[About this exercise] Pictures stay out of the copy. Retype exactly the lines below from the one with "Hyundai Sonata Dijital" through the one with "Reboot Hub Insta360".

[Data for processing]
-*-
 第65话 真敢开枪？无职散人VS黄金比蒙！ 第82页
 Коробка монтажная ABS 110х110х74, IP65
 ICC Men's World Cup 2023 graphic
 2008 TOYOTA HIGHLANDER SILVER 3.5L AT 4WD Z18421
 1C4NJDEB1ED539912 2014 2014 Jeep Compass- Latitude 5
-*-
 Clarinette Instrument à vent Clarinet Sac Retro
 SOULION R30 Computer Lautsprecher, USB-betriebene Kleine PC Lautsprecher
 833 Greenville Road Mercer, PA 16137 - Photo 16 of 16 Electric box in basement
-*-
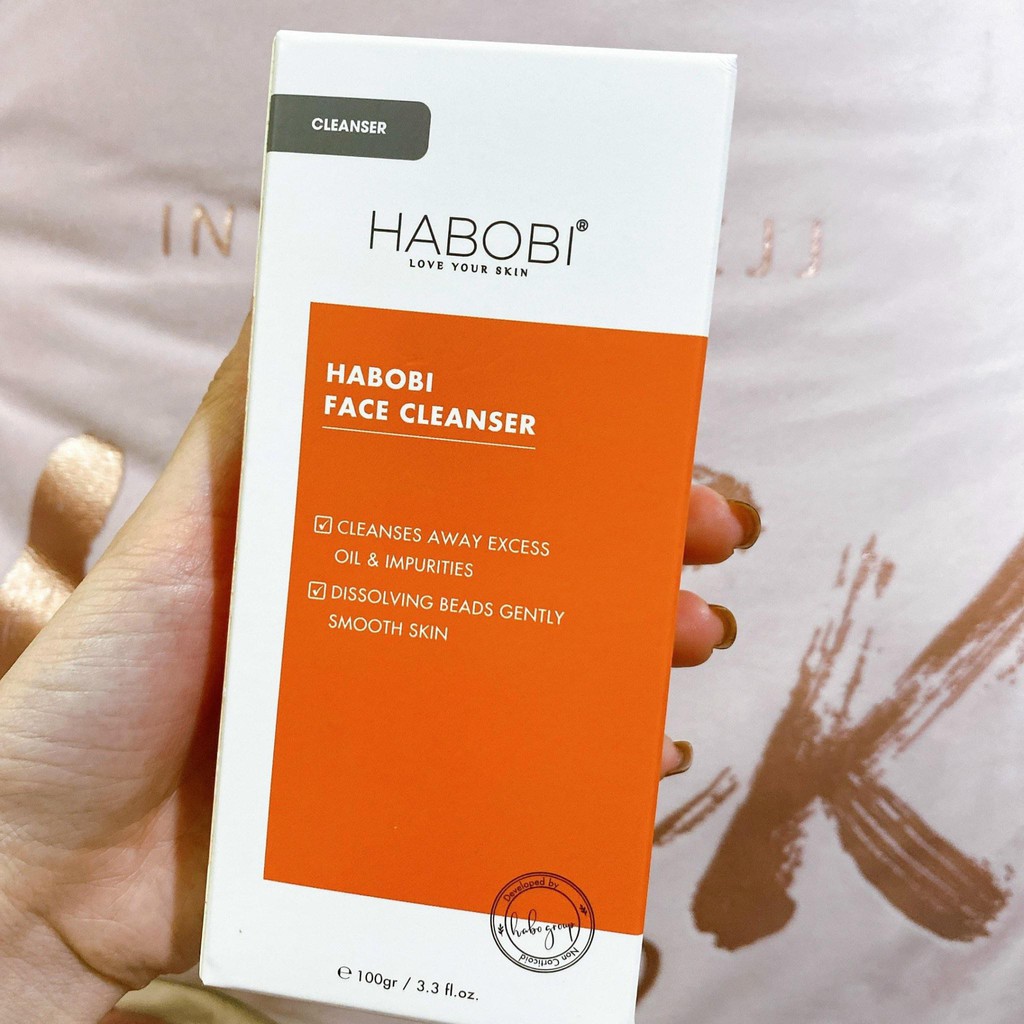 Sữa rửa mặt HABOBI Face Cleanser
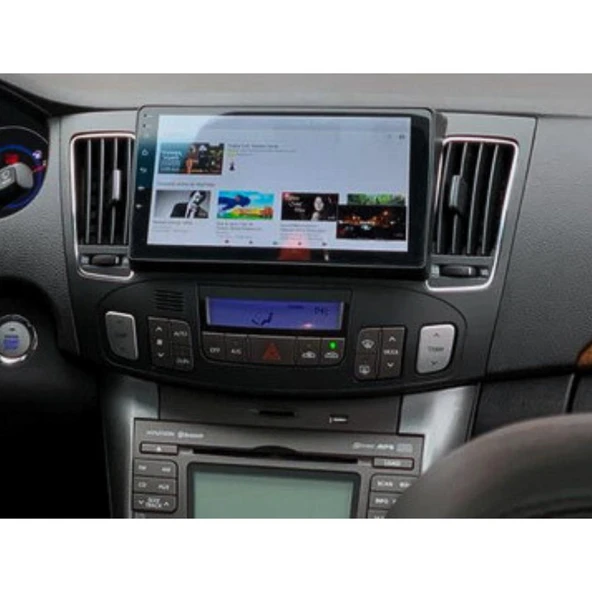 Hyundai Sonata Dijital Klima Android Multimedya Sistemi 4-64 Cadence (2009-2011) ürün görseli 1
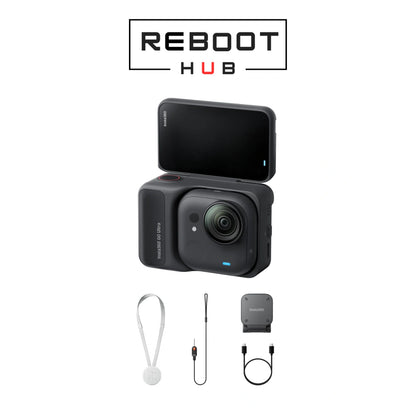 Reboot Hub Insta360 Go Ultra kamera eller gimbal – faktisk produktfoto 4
-*-
[Answer]
 Hyundai Sonata Dijital Klima Android Multimedya Sistemi 4-64 Cadence (2009-2011) ürün görseli 1
 Reboot Hub Insta360 Go Ultra kamera eller gimbal – faktisk produktfoto 4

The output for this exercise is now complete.